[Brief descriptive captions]

+ + +

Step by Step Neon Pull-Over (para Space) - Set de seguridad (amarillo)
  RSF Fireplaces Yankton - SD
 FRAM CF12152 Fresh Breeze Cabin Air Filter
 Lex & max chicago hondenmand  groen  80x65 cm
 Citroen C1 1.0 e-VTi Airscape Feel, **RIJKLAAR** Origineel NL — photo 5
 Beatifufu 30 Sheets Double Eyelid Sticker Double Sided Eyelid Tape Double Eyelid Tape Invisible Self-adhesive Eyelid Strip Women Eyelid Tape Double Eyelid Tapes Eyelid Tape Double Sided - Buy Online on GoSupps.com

+ + +

-- Your assignment --
Your task is an exact transcription of every line above.

-- Result of the task --
Step by Step Neon Pull-Over (para Space) - Set de seguridad (amarillo)
  RSF Fireplaces Yankton - SD
 FRAM CF12152 Fresh Breeze Cabin Air Filter
 Lex & max chicago hondenmand  groen  80x65 cm
 Citroen C1 1.0 e-VTi Airscape Feel, **RIJKLAAR** Origineel NL — photo 5
 Beatifufu 30 Sheets Double Eyelid Sticker Double Sided Eyelid Tape Double Eyelid Tape Invisible Self-adhesive Eyelid Strip Women Eyelid Tape Double Eyelid Tapes Eyelid Tape Double Sided - Buy Online on GoSupps.com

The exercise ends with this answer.